-- Opening Marker --

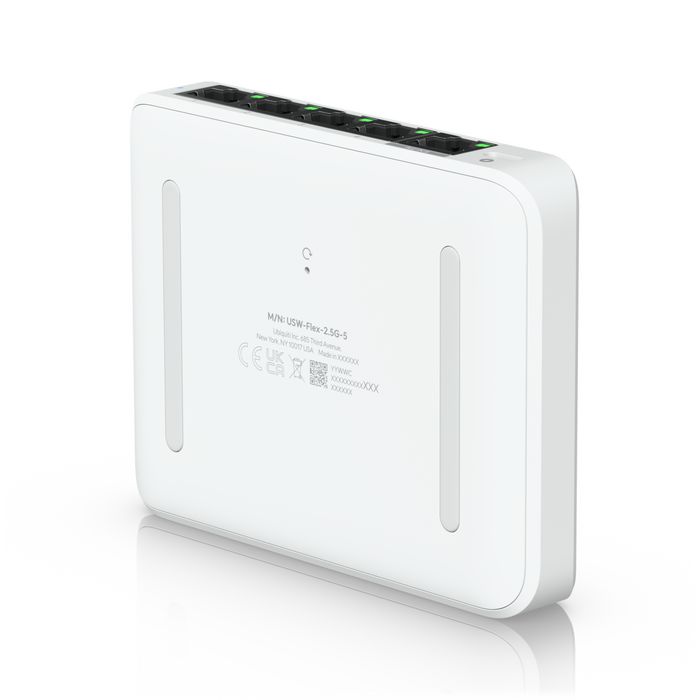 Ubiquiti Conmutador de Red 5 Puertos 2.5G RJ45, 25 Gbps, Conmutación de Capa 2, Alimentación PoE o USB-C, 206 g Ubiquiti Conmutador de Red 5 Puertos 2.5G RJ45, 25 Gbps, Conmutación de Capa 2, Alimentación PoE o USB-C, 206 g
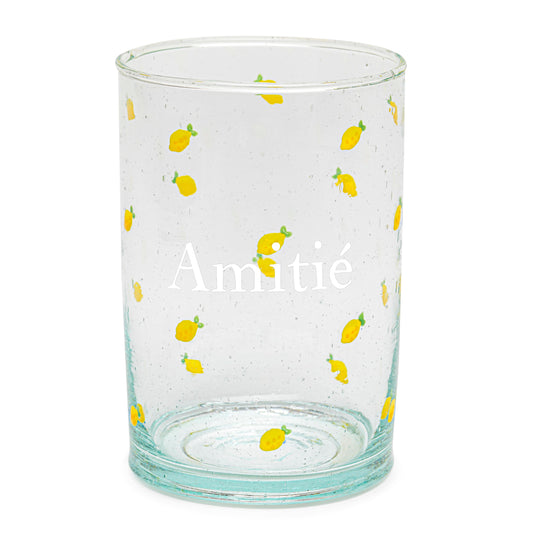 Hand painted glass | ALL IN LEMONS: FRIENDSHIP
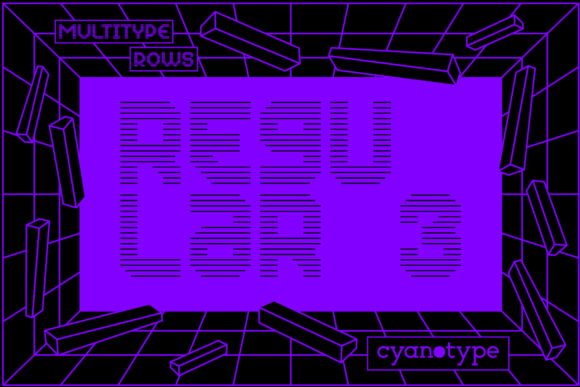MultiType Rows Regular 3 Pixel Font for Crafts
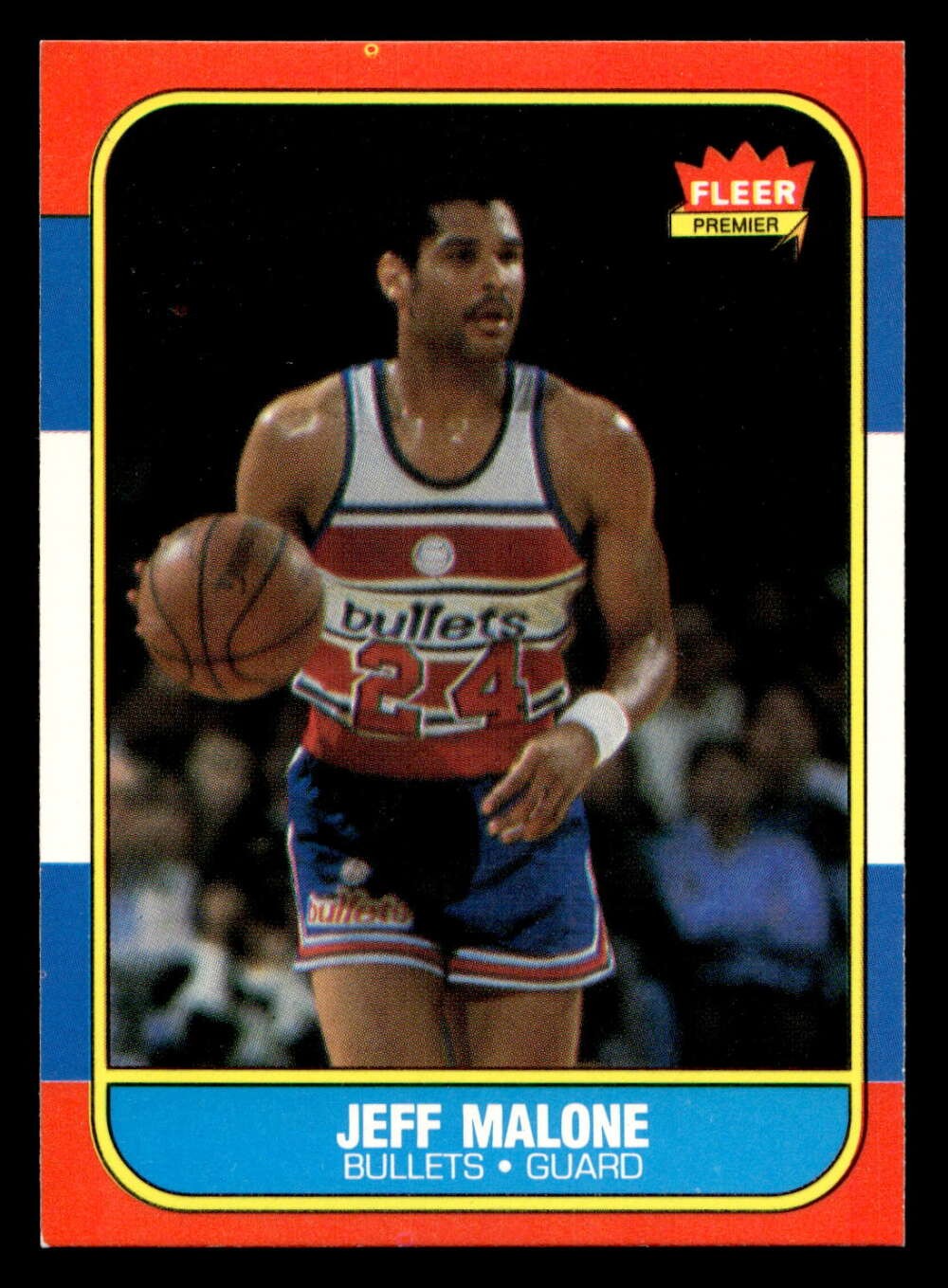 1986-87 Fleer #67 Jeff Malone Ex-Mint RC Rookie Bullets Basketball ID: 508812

-- Closing Marker --

- WHAT TO DO -
Produce a verbatim transcription of every line in the listing, images omitted.

- ANSWER TO THIS PROBLEM -
 Ubiquiti Conmutador de Red 5 Puertos 2.5G RJ45, 25 Gbps, Conmutación de Capa 2, Alimentación PoE o USB-C, 206 g Ubiquiti Conmutador de Red 5 Puertos 2.5G RJ45, 25 Gbps, Conmutación de Capa 2, Alimentación PoE o USB-C, 206 g
 Hand painted glass | ALL IN LEMONS: FRIENDSHIP
MultiType Rows Regular 3 Pixel Font for Crafts
 1986-87 Fleer #67 Jeff Malone Ex-Mint RC Rookie Bullets Basketball ID: 508812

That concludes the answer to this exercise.